In the Cloakroom of Proper Musings is a work unique in form. The story, fragmented by a combination of white space and fleur-de-lis, is a sequential chronicling of one woman's joy juxtaposed alongside her need to survive. It is an ode to the intensity of a mother's love. It is a narrative in which memory solders itself into image, and image spins into movement. Words become a way toward balance. Time is a tightrope-walk, a knife-juggle.
Kristina Moriconi creates a form--the lyrical primer, let's call it--wholly necessary to her subject--a true creative achievement. These brief, exquisite reports/meditations/lesson plans are profoundly tender in their love for family, and ferocious in their commitment to the inner life and the sanctity of language. It's the "accidental implications" as well as the "little vexing things" that, in Moriconi's hands, reinscribe motherhood--that is, the world beheld anew and nurtured, on behalf of us all.
LIA PURPURA, Author of On Looking and All the Fierce Tethers
"Sometimes being a mother is an act of contrition." Moriconi's kaleidoscopic voyage into the sometime sorrowful, but often joyous country of motherhood and the vagaries of being a woman in the world, is nothing short of a miracle. These narrative strands veritably vibrate and pierce the fragile membrane of experience, and allow us to both understand and forgive ourselves the humanity of living the maternal life. All throughout, the enormous and wondrous canopy of nature provides a backdrop for living, healing, loving and everything else in-between that is beautiful and terrible all at once.

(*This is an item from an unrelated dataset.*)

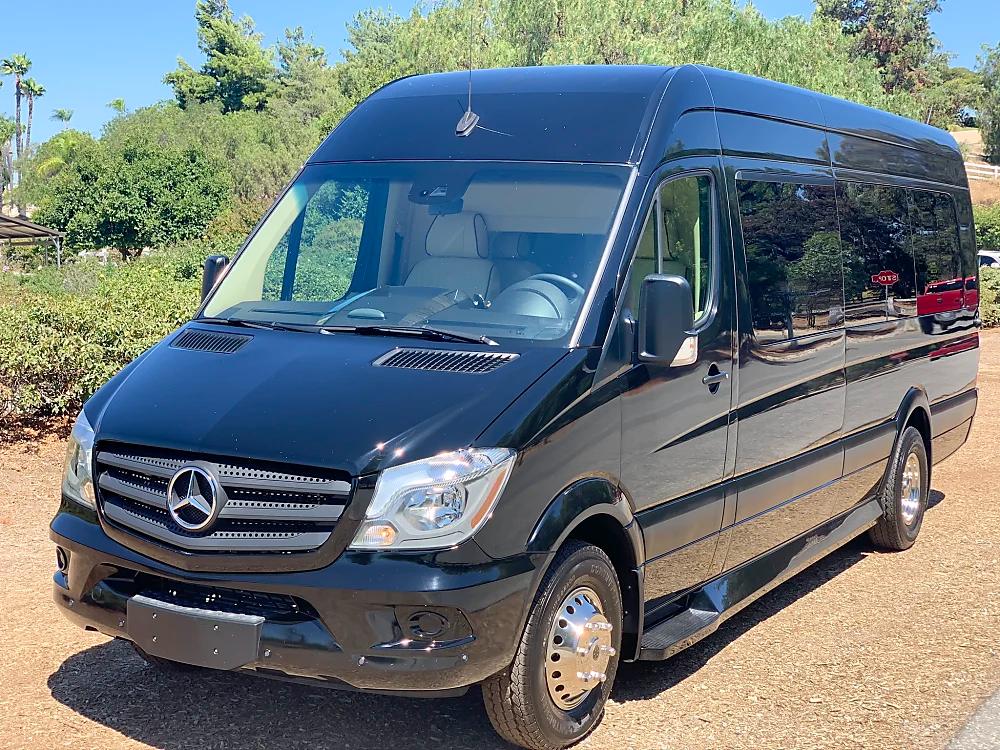 Mr President Limo Hire - Luxury Van for Group Hire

MICHELLE REALE, Author of Season of Subtraction and Birds of Sicily
This is the book you'll want tucked in your satchel at riverside or mountaintop, wherever you find your deepest breaths. What does it mean to inhabit one's life fully--as a mother, as an artist, as a collector of trees, birds, stones, a hundred particular griefs? She chronicles the ruin of every little thing, holds her daughters close, Kristina Moriconi writes in this work of caesura and human song. In her sage lyric narrative, Moriconi looks askance at the antiquated myths girls ingest on their way to womanhood and offers, in their place, truer lessons: Our bodies can break open again and again, we can learn to forgive ourselves, we can carry a heart heavy with the processing and reprocessing of the body's blood, love, and ache. We can love multitudinously. In the Cloakroom of Proper Musings is a beautiful and significant work I will be returning to for years.
DARLA HIMELES, Author of Flesh Enough
In the Cloakroom of Proper Musings is a beautifully detailed ledger of inner conflict, regret, and forgiveness, filled with delicious word choices and wisdom. For anyone who has doubted their own worthiness as a mother, this book is a gutting act of noticing and notation. It left me feeling unmasked, understood, and less alone.